26.07.2011, Hänsel und Gretel tanzen Pogo

Lübecker Nachrichten, 26.7.2011

Das Wetter führte Regie: Die Premiere von Engelbert Humperdincks Märchenoper „Hänsel und Gretel“ war wegen Regens von Freitag auf Sonntag verschoben worden. Nun nieselte es am Sonntagabend auch, aber Spielleiter Jörg Fallheier versprach dem Publikum: „Nur vorübergehend. Das hört bald auf.“ Er habe gesicherte Informationen von berufsmäßigen Meteorologen. Tatsächlich hörte das Nieseln auf – und machten einem ordentlichen Landregen platz.

Rund 300 in Plastikfolie verpackte Zuschauer kauerten sich im Zentrum der 1860 Menschen fassenden Freilichtarena am Eutiner See und versuchten, sich auf das musikalische und szenische Geschehen auf der Bühne und den Klängen aus dem Orchestergraben zu konzentrieren. Dort hatte wieder das Kansas University Symphony Orchestra Platz genommen, das auch die erste Spielzeitpremiere, Mozarts „Don Giovanni“, solide begleitet hatte. Nach kleinen Intonationsproblemen in der Ouvertüre – die Luftfeuchtigkeit machte den Instrumenten zu schaffen, die Hörner mussten sich beim Thema des Schutzengelchorals erst zusammenfinden –, bewältige die Truppe unter Leitung von Rudolf Piehlmayer auch die volksliedhafte Tonsprache des Richard-Wagner-Assistenten Humperdinck.

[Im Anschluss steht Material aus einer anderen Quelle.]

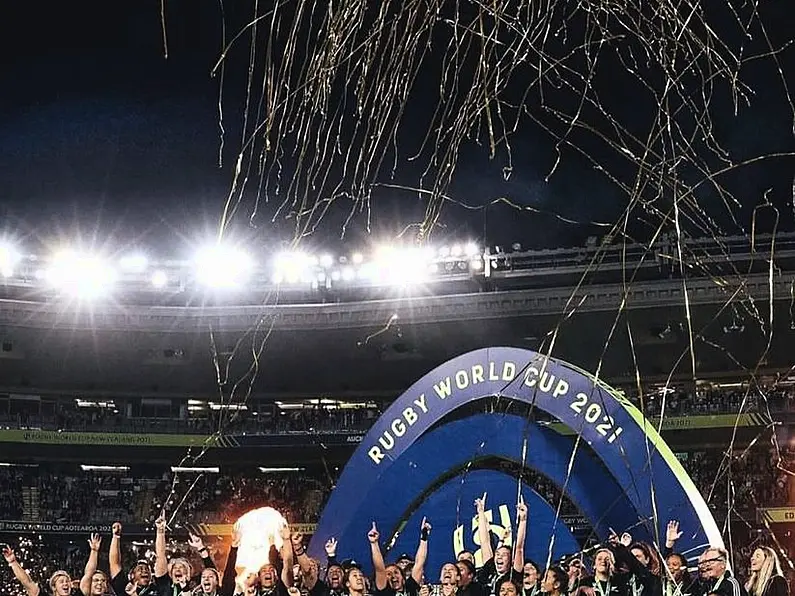 New Zealand Triumphant, England Heartbroken After Nail-biting 34-31 Women's Rugby World Cup Final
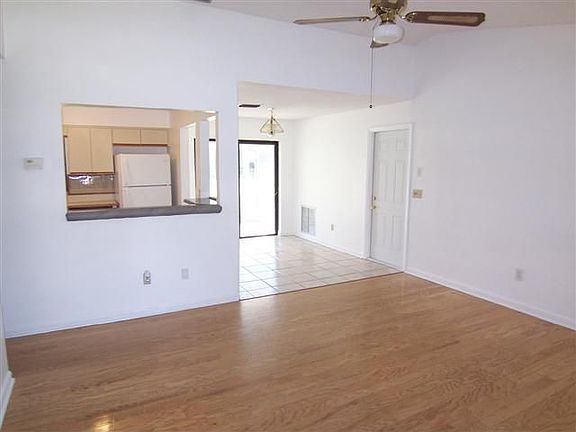Kitchen & Dining Area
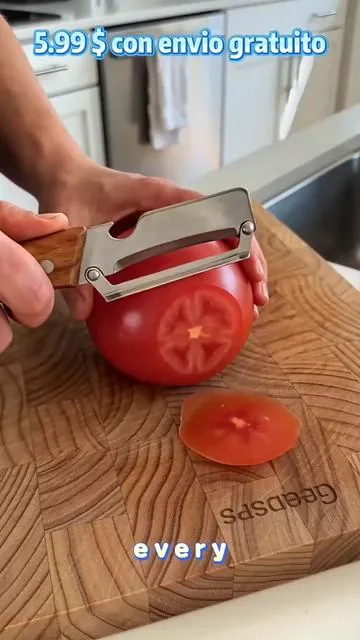 Sharp peeler! Less waste, comfy grip, 2-in-1 bottle opener! #kitchenessentialsea #MomHacks #VegetablePeeler #HomeCooking 
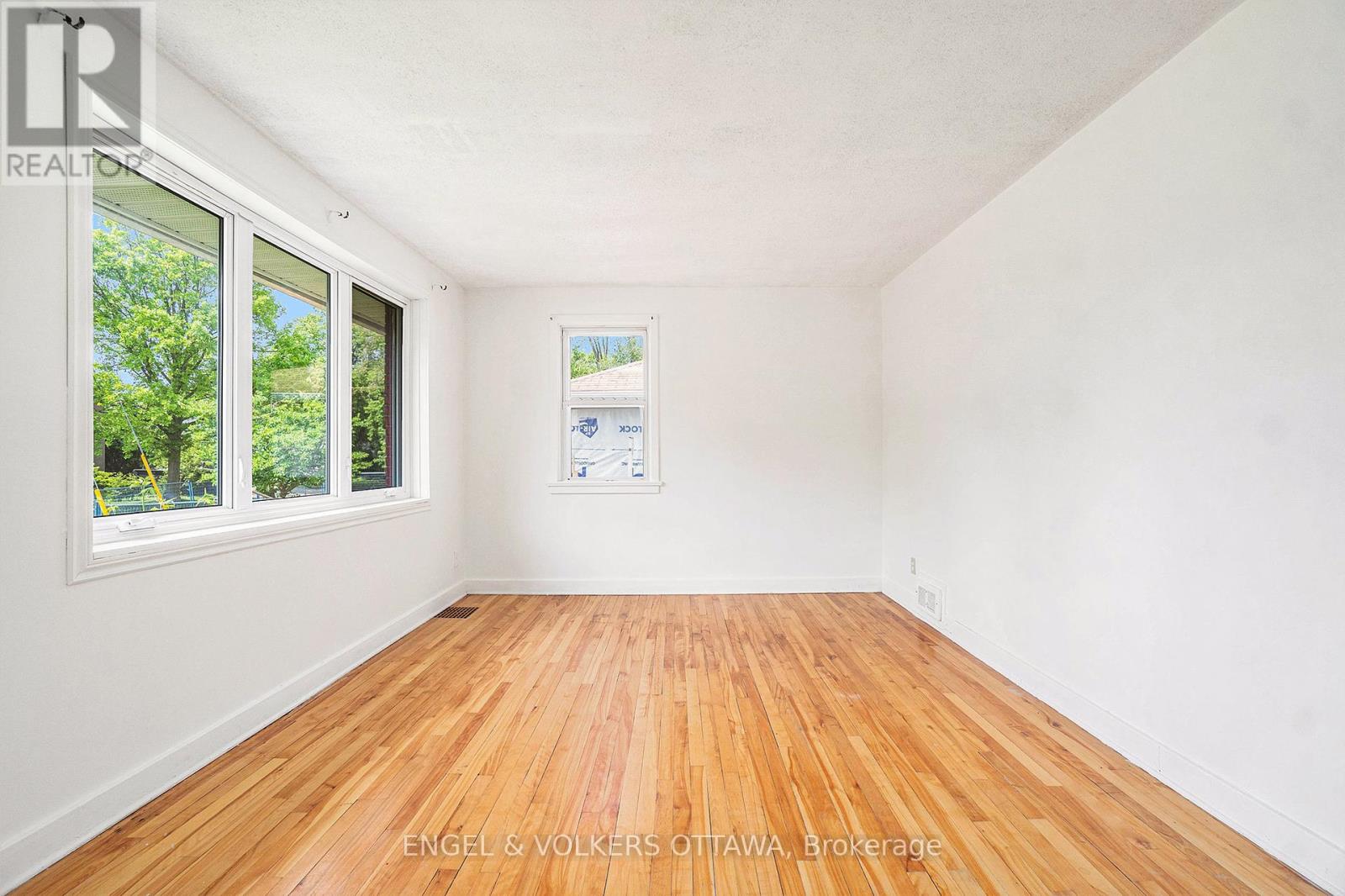 1687 Grasmere Crescent, Ottawa, Ontario  K1V 7V1 - Photo 2 - X12194879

Die Sängerinnen und Sänger waren diesmal keine bewährten Opernkräfte, sondern ebenfalls fortgeschrittene Studenten aus den USA. Sie kämpften nicht nur mit den Tücken der deutschen Sprache, die das Singspiel aus den 1890er Jahren verlangt, sondern mussten auch gegen Wind und Regen ansingen.

Fallheier hat das Kinder- und Hausmärchen der Brüder Grimm vom deutschen Waldrand an die städtische Peripherie zwischen Wellblech, Graffiti und Mülltonnen gelegt (Bühne und Kostüme: Ursula Wandaress). Wer nun meinte, dass sich hier naive Lieder wie „Brüderchen, komm tanz mit mir, / beide Händchen reich’ ich dir“ unpassend ausnehmen, wurde von den darstellerischen Fähigkeiten von Etta Fung (Gretel) und Annelize Sussman (Hänsel) eines besseren belehrt. Den beiden gelang der Spagat zwischen urban-juvenilem Imponierpose und romantischer Innigkeit mit Ironie und Spielwitz.

Das Libretto unterstützt den großspurigen Hänsel, wenn er seine Schwester bescheidet: „Geh weg von mir, geh weg von mir, / ich bin der stolze Hans! / Mit kleinen Mädchen tanz’ ich nicht, / das ist mir viel zu dumm!“ Beide, die Mezzosopranistin Sussman und die Sopranistin Fung, erweisen sich bei aller pubertären Ausgelassenheit – sie spielen Luftgitarre mit Besen oder tanzen Pogo – stimmsicher und souverän im musikalischen Ausdruck.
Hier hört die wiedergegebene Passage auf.